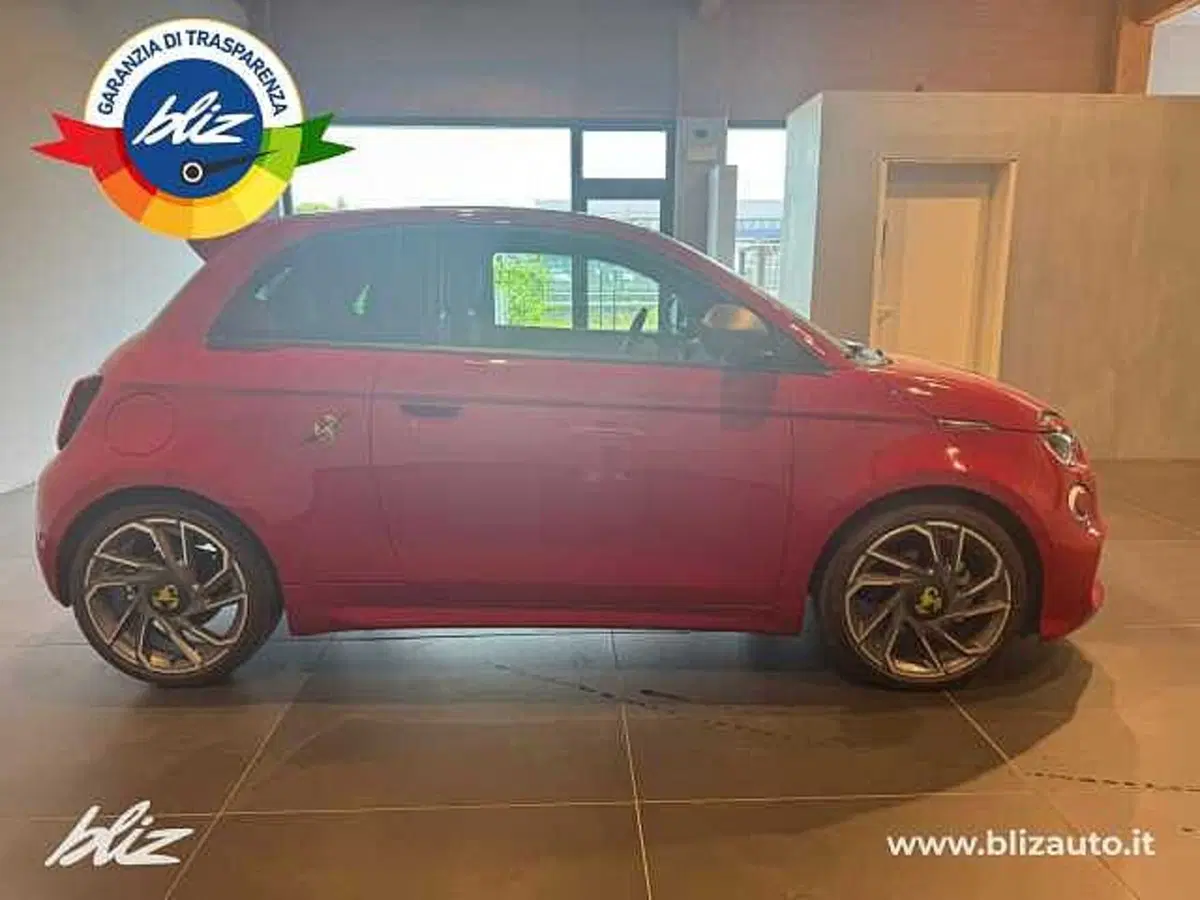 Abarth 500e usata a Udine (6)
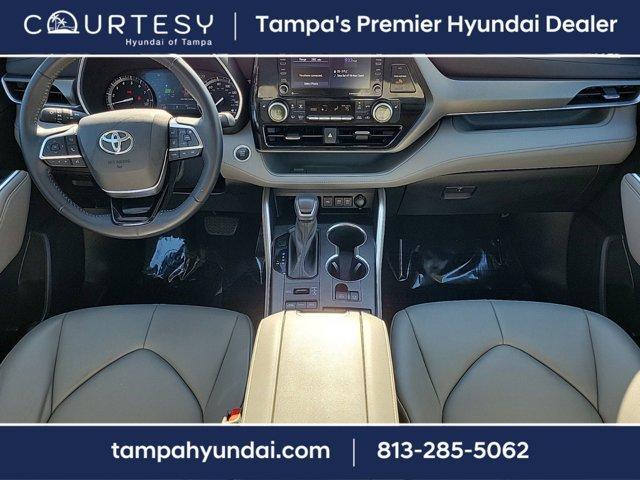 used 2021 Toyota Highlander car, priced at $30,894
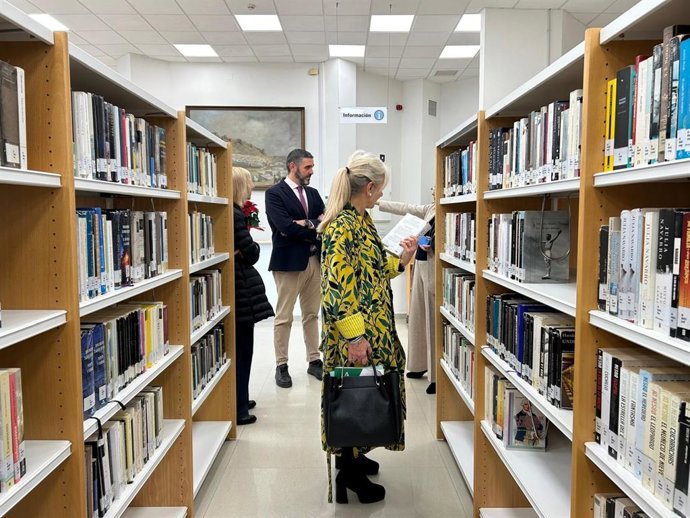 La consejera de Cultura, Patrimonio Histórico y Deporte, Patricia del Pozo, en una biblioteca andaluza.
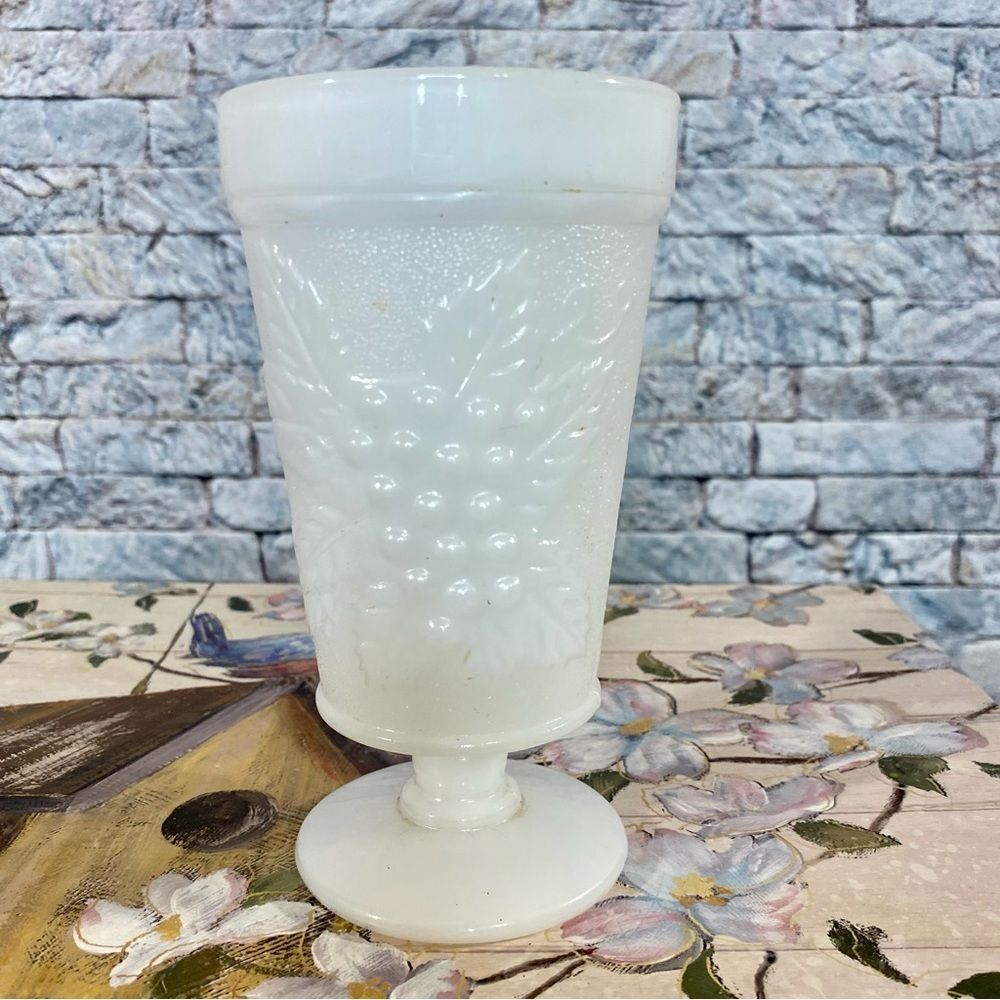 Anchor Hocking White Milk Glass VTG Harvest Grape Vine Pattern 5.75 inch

§ ASSIGNMENT:
Word for word, write out the full listing, leaving the pictures aside.

§ RESPONSE TO THE TASK:
 Abarth 500e usata a Udine (6)
 used 2021 Toyota Highlander car, priced at $30,894
 La consejera de Cultura, Patrimonio Histórico y Deporte, Patricia del Pozo, en una biblioteca andaluza.
 Anchor Hocking White Milk Glass VTG Harvest Grape Vine Pattern 5.75 inch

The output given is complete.